[Stored items from a collection]
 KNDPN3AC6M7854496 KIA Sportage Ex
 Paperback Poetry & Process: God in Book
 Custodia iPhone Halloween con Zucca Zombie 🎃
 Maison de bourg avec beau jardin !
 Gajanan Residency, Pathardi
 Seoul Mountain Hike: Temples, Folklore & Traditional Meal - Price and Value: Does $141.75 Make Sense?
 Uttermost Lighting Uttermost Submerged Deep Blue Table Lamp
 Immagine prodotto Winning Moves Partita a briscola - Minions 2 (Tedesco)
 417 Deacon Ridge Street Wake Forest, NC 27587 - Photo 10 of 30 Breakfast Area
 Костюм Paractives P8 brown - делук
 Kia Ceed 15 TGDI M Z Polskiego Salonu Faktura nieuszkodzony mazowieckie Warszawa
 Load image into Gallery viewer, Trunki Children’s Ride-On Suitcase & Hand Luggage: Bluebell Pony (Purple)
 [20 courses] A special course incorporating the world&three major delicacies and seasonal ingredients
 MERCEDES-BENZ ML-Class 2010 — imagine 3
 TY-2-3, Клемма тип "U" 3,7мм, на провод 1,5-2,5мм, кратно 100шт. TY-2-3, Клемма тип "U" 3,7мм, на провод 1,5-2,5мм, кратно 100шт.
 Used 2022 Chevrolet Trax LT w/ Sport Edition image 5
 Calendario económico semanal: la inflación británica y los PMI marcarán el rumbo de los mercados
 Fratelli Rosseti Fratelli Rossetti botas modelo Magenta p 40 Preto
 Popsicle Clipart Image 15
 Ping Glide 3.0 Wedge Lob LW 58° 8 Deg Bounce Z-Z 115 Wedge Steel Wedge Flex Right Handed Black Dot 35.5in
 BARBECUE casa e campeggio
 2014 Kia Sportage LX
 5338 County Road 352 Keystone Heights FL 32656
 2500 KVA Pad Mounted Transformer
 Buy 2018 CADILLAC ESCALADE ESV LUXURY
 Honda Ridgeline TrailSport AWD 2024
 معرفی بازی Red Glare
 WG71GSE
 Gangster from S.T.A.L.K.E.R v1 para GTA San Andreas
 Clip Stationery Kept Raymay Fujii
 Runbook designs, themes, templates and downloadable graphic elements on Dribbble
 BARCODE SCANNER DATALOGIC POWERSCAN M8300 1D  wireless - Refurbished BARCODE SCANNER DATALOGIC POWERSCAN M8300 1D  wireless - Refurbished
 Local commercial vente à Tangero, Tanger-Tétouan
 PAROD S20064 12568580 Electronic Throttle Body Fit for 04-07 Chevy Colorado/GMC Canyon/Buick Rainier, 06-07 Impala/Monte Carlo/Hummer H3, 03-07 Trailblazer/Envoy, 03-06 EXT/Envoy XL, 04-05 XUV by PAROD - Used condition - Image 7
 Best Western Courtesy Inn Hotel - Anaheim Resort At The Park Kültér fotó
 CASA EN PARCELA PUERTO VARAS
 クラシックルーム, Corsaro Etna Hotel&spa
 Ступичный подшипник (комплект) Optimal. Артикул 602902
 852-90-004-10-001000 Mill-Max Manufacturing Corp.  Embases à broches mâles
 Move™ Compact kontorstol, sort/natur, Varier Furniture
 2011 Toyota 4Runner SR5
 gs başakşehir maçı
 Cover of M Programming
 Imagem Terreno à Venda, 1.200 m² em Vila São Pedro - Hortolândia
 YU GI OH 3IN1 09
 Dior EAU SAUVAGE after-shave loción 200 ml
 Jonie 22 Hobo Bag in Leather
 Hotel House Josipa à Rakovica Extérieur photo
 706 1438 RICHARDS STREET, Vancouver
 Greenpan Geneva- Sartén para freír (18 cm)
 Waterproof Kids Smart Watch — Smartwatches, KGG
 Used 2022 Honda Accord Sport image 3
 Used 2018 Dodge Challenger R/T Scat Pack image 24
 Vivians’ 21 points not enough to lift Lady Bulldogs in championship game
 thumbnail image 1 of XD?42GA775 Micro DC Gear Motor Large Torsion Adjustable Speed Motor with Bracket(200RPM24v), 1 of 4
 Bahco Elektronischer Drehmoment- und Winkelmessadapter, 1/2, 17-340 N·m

● **ACTIVITY**:
Give back the lines of the data exactly as they are written, from the first line through the line containing "Seoul Mountain Hike: Temples, Folklore".

● **SOLUTION FOR THIS PROBLEM**:
 KNDPN3AC6M7854496 KIA Sportage Ex
 Paperback Poetry & Process: God in Book
 Custodia iPhone Halloween con Zucca Zombie 🎃
 Maison de bourg avec beau jardin !
 Gajanan Residency, Pathardi
 Seoul Mountain Hike: Temples, Folklore & Traditional Meal - Price and Value: Does $141.75 Make Sense?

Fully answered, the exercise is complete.